A longer-term view of Palantir shows a company that’s been growing its business at 75% to 100% annually. At that rate, profits are bound to follow—a point Palantir CEO Dr. Alex Karp made in his letter to shareholders. Karp noted that Palantir made as much profit in the first quarter as it did in revenue just 12 months ago.

The Palantir Critics Are Arguing Among Themselves

The critique about Palantir is the same today as it’s been for several years. But it doesn’t really matter to many retail investors. And here’s why. Consider investors who bought the stock below $20 or even below $10, rode it to above $180, and probably took out their initial investment along the way.

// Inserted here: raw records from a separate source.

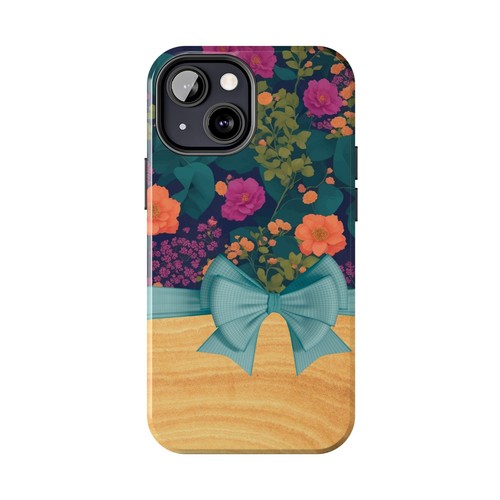 Boho Blue Teal Floral, Wood Footer Tough Phone Case for Iphone Samsung Galaxy - 第 44/108 張圖片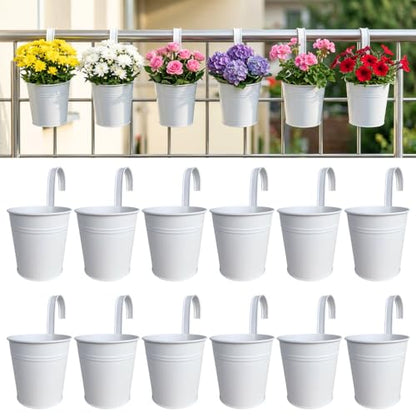 LaLaGreen Round Rail Planter (6 in, 12 Pack) White Metal Iron Flower Pots - size: 6" x 12 Pack (White)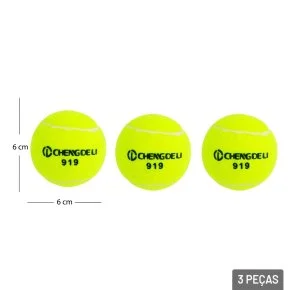 Bola de Tênis 3 Peças Verde com Tubo Atacado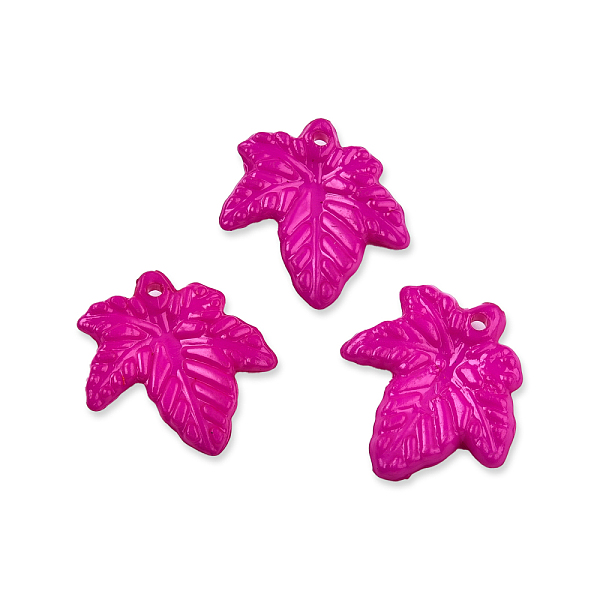

PandaHall Opaque Acrylic Pendants, Maple Leaf, Medium Violet Red, 21x20x3.5mm, Hole: 1.5mm, about 1280pcs/500g Acrylic Leaf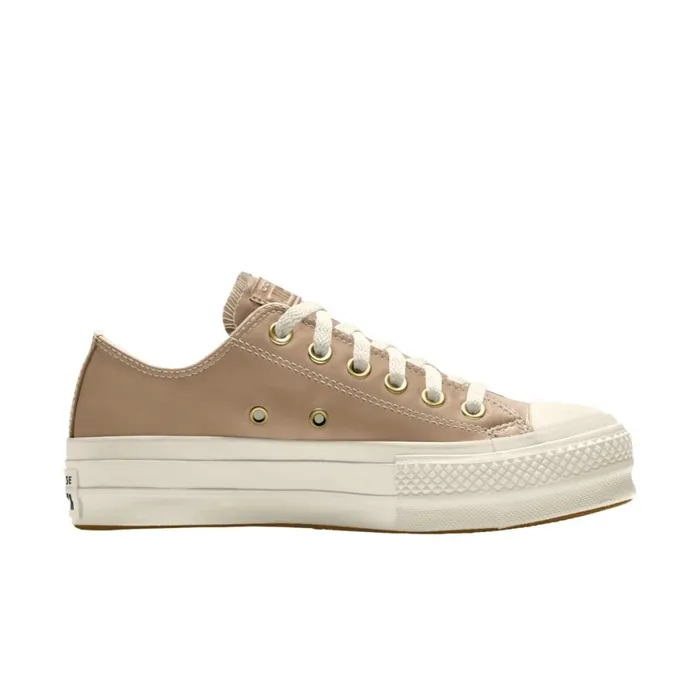 Converse Platforms Custom Chuck Taylor All Star Lift Platform Leather By You Champagne Tan 8211 MenWomen Converse Platforms Custom Chuck Taylor All Star Lift Platform Leather By You Champagne Tan 8211 MenWomen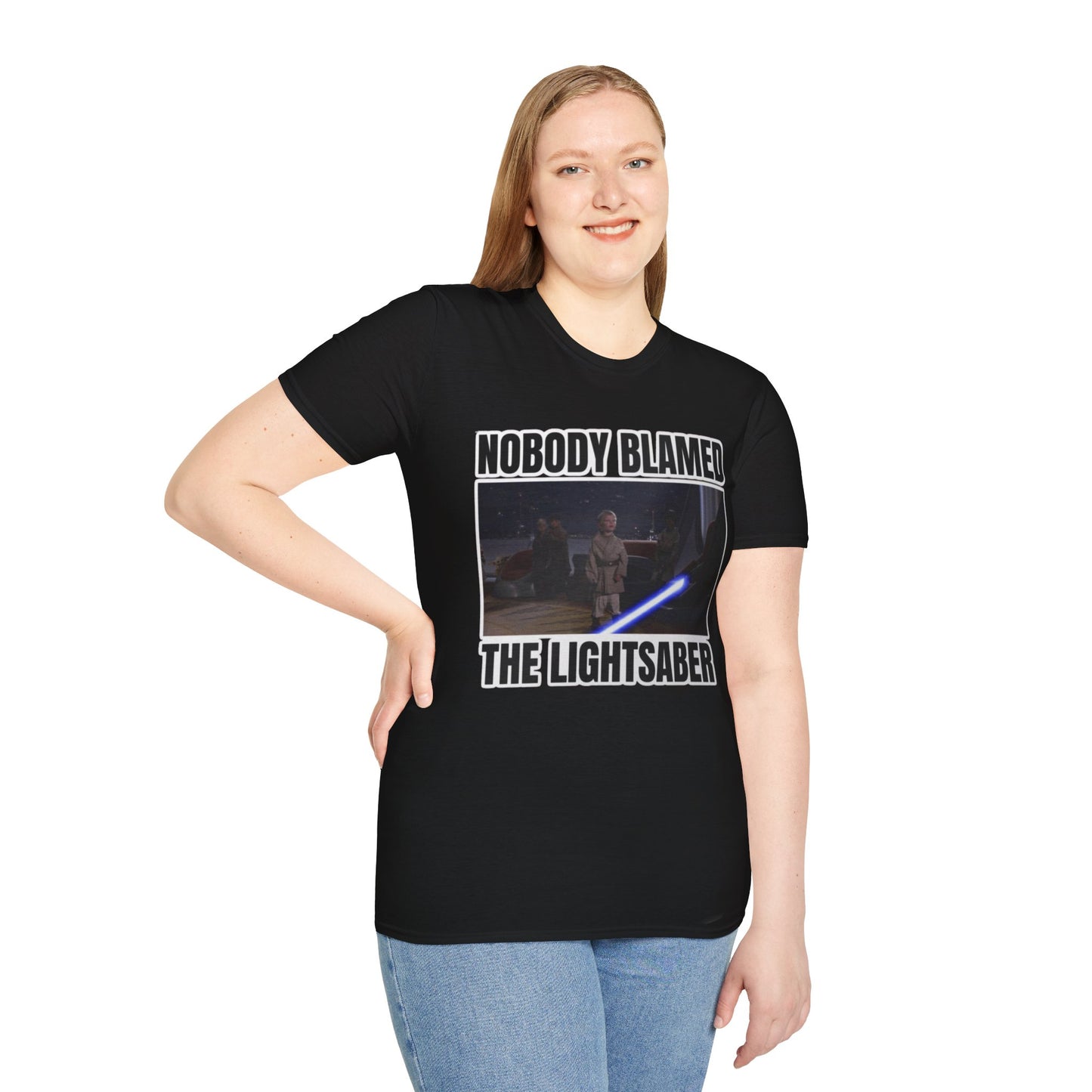 Humorous 'Nobody blamed the lightsaber' meme T-Shirt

These investors are now sitting on pure profit. They’re not losing sleep about valuation, and they aren’t going to apologize for having conviction in PLTR. That's why the valuation debate rings hollow. At this point, it’s well-meaning investors who are content in being “right” but missed out and continue to miss out on a one-of-one company.

Analysts Are Raising Their Targets

It’s always important to pay attention to what analysts do, perhaps more than what they say. PLTR’s consensus price target is $195.16, almost 50% above mid-March levels. It’s also more than double where it was one year ago.

Here again, some critics will note that the consensus price hasn’t increased much over the last three months. But since the earnings report, Rosenblatt Securities raised its price target to $225 from $200; Citigroup also went to $225 from $210. And, of course, Dan Ives from Wedbush reiterated his $230 price target for PLTR.

Institutional buying is another addition to the story. Two recent 13-F filings show that multiple Vanguard funds have started new positions in PLTR. The purchases total 195,923,062 shares, which comes out to roughly $27 billion as of May 8, the day of purchase.

What the Dip in Palantir Actually Represents

PLTR is going through a healthy, and normal, consolidation. Like gold above $5,000, Palantir stock trading above $200 was trading in rarefied air. Palantir’s inability to hold that big number isn’t a sign that the business model is flawed; it just showed that even the bulls need time to reset.

And what’s happening with PLTR is a reset. But it’s one that current shareholders are likely to look back on the same way they’ve viewed every other dip. The company’s earnings results are obviously not enough to win over the valuation skeptics. But being right about the valuation and being right about the stock are two very different things.